In this report I aim to investigate the exponential distribution in R and compare it with the Central Limit Theorem. The report will illustrate the difference between the distribution of a large collection of random exponentials and the distribution of a large collection of averages 40 exponentials. It will illustrate the insight that a hypothetical distribution of sample means would be distributed normally in what is commonly referred to as a “bell curve”.
This report uses the rexp(n, lambda) function in R to calculate the mean of a random sample of 40 exponentials and repeat for one thousand simulations.
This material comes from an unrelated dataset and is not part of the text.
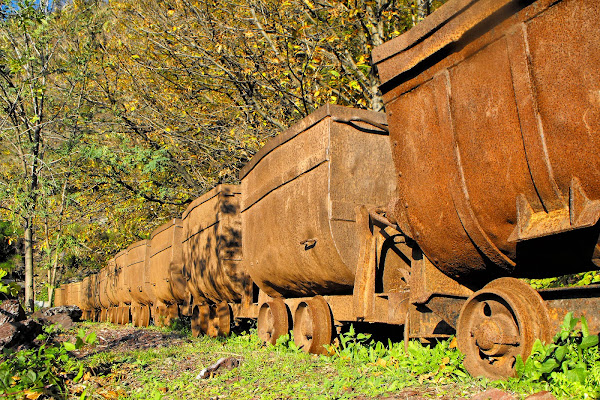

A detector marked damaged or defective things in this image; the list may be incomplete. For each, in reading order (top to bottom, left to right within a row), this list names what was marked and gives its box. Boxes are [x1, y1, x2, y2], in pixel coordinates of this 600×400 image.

The sample mean and variance of the resulting distribution of averages will be compared to the theoretical mean and variance.
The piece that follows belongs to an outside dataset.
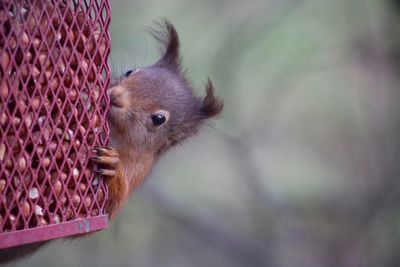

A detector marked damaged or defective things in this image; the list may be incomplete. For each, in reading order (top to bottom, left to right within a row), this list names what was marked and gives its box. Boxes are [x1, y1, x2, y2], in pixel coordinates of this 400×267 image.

rusty red metal [0, 0, 111, 249] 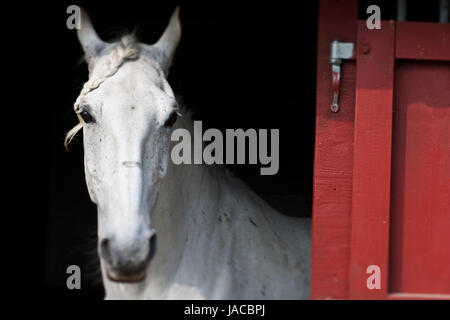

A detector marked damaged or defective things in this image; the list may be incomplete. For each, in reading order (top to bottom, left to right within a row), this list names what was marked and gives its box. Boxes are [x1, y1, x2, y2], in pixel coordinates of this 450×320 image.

lambda <- 0.2 # the rate parameter of rexp function
mu <- 1/lambda # theoretical mean of the exponential distribution
sd <- 1/lambda # theoretical standard deviation of the exponential distribution
n <- 40 # number of sample exponentials
se <- sd / sqrt(n) #
svar <- sd^2 / n # theoretical variance
nosim <- 1000 # number of simulations
set.seed(1) # to make the result reproducible
x <- NULL
for (i in 1:nosim) x = c(x, mean(rexp(n, lambda))) # create the distribution of a large collection (1000)
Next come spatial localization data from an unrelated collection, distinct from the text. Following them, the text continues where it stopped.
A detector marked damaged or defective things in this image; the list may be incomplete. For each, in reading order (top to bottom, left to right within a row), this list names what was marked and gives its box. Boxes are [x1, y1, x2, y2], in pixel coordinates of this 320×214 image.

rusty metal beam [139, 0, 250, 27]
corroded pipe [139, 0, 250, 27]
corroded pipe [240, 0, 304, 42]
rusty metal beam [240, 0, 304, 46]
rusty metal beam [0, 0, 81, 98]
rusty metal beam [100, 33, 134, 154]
# of averages of 40 # exponentials
The normal distribution has the property that it is symmetrical about the mean. The sample mean and the theoretical mean are both measures of central tendency. Comparing the sample mean to the theoretical mean demonstrates that the sample mean is an estimate of the population mean.
round(c(mean(x), mu), 2)
## [1] 4.99 5.00
The normal distribution also has a predictable area under the curve within specified distances of the mean. Approximately 68%, 95% and 99% of the normal density lies within 1, 2 and 3 standard deviations from the mean respectively. Comparing the sample variance to the theoretical variance demonstrates that the sample variance is an estimate of the population variance.
round(c(var(x), svar), 2)
## [1] 0.61 0.62
# create the X-axis grid to overlay the normal curve
x2 <- seq(min(x), max(x), length = length(x))
# create the Normal curve
fun <- dnorm(x2, mean = mean(x), sd = sd(x))
# create the Histogram of the simulation
par(mfrow = c(1,2))
hist(x, prob = TRUE, # probability = true produces a density plot
ylim = c(0, max(fun)),
main = "", xlab = "")
lines(x2, fun, col = 2, lwd = 2)
abline(v = mean(x), col="red", lwd=3, lty=2)
abline(v = mean(mu), col="blue", lwd=3, lty=5)
set.seed(1)
y <- rexp(nosim, lambda) # create the distribution of a large collection (1000) of random exponentials
hist(y, prob = TRUE, freq = FALSE, main = "", xlab = "")
curve(dexp(x, rate=0.2, log=FALSE), add = TRUE)
Figure 1: On the left, a histogram of the distribution of averages of 40 exponentials over 1000 simulations. Fitted with a normal curve. The blue and red vertical lines represent the theoretical and sample means respectively. On the right is the distribution of a large collection of random exponentials
The Central Limit Theorem states that the distribution of averages of iid variables properly normalised becomes that of a standard normal as the sample size increases. This report has used the simulation of random exponentials to produce the distributions in Figure 1. One can determine that the distribution on the left is normally distributed because we can see it is shaped like a “bell curve”. The normal distribution can be characterised by its mean and standard deviation and I have shown by calculating the sample mean and variance and comparing how close the results are to the theoretical mean and variance that they are consistent with the population mean and variance.